The real world outcomes of 3-year adjuvant therapy with imatinib in patients with high-risk molecular profiled gastrointestinal stromal tumors (GIST).

e23524 Background: The real-world data on outcomes of adjuvant therapy in high-risk gastrointestinal stromal tumors (GIST) are very limited. Methods: We have analyzed the data of 107 consecutive patients (52 male, 56 female) with GIST after resection treated with adjuvant imatinib (for planned 3 years with initial dose 400 mg daily, started not later than 4 months after operation) in 6 oncological centers in 2013-2018. All patients were required to have high risk of recurrence (at least 50% according to NCCN/AFIP criteria), known mutational status to exclude PDGFRA D842V mutants and KIT/PDGFRA-wild type cases from therapy. Median follow-up time was 24 months. Results: The most common primary localization of GIST was small bowel (63 patients; 59%), followed by the stomach (40 patients; 37%). The majority of GIST cases harbored exon 11 KIT mutations (88 cases, 82%), 11 cases had exon 9 KIT mutations (10%), 8 had other KIT/PDGFRA mutations potentially sensitive to imatinib. Thirty three patients (31%) finished 3-year adjuvant imatinib therapy as planned, 59 (55%) still continue therapy, 4 (4%) patients had finished adjuvant therapy prematurely due to toxicity, 6 (6%) due to disease progression on treatment and 5 (4%) due to other reasons.

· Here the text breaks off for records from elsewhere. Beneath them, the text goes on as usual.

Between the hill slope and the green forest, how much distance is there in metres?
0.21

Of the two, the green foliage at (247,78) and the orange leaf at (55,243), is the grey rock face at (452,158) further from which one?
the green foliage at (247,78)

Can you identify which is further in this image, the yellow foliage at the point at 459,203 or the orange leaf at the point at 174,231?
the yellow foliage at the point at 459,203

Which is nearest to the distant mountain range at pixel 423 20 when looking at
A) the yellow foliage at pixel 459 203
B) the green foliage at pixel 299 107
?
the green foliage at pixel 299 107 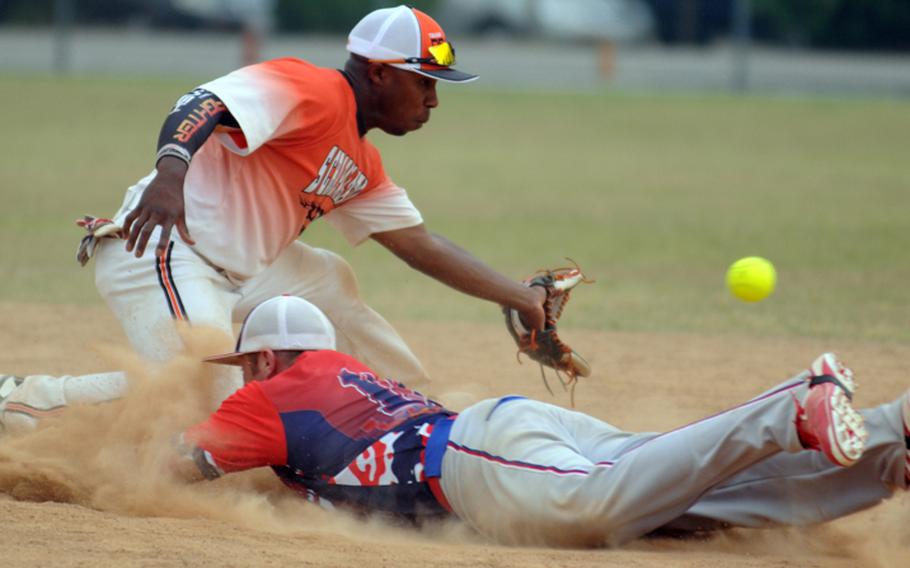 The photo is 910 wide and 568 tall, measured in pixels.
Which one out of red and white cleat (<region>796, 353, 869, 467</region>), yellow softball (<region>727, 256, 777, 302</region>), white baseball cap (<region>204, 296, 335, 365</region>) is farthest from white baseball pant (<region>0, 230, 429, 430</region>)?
red and white cleat (<region>796, 353, 869, 467</region>)

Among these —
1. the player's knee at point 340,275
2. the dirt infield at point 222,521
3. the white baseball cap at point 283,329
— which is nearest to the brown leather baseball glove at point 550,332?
the dirt infield at point 222,521

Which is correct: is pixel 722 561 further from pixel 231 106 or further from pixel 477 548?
pixel 231 106

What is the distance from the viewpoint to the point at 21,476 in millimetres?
4730

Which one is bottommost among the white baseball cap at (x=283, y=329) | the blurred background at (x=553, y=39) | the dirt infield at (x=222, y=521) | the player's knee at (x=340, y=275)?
the blurred background at (x=553, y=39)

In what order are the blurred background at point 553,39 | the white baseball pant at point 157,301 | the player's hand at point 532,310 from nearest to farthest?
the white baseball pant at point 157,301
the player's hand at point 532,310
the blurred background at point 553,39

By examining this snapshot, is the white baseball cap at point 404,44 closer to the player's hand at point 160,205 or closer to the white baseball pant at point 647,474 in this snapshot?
the player's hand at point 160,205

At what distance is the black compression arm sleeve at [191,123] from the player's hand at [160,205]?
0.05 m

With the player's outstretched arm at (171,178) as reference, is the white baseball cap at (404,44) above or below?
above

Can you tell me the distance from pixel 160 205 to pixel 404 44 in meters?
1.26

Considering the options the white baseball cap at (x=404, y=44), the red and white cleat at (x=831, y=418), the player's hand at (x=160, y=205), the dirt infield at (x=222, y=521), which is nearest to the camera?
the red and white cleat at (x=831, y=418)

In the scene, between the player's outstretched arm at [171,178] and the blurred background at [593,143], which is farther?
the blurred background at [593,143]

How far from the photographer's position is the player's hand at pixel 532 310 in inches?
223

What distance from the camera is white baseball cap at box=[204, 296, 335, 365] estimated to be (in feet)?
14.8

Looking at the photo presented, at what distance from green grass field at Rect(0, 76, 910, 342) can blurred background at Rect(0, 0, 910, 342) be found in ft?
0.16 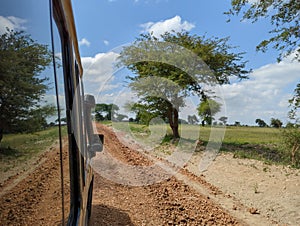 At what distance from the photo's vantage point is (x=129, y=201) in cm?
410

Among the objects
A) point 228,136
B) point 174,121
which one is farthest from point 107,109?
point 228,136

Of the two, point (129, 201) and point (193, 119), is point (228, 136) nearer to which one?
point (193, 119)

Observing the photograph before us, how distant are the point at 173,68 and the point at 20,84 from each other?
9.64 m

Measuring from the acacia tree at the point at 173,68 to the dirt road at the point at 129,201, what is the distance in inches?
153

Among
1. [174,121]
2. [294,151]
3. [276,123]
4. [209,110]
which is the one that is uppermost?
[209,110]

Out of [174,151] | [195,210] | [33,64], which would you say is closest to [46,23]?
[33,64]

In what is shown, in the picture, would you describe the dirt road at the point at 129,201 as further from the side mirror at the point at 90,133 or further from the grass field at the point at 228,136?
the grass field at the point at 228,136

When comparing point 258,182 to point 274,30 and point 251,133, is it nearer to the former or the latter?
point 274,30

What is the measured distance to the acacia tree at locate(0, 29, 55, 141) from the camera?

The disease relapse was detected in 16 patients, of them in 4 cases in exon 9 KIT mutants (36%), and 10 cases in patients with exon 11 KIT mutations (11%) [p < 0.05]. Estimated 4-year relapse-free survival (RFS) rate is 78%. Conclusions: The early results of adjuvant therapy with imatinib in routine practice outside clinical trials in high-risk mutation-drive GIST patients only confirm high efficacy of this therapy with better tolerability than in clinical trials. Moreover, overrepresentation of exon 9 KIT mutants in a group of patients with disease relapse may indicate that standard 400 mg dose in adjuvant treatment is not sufficient for prevention of disease relapse.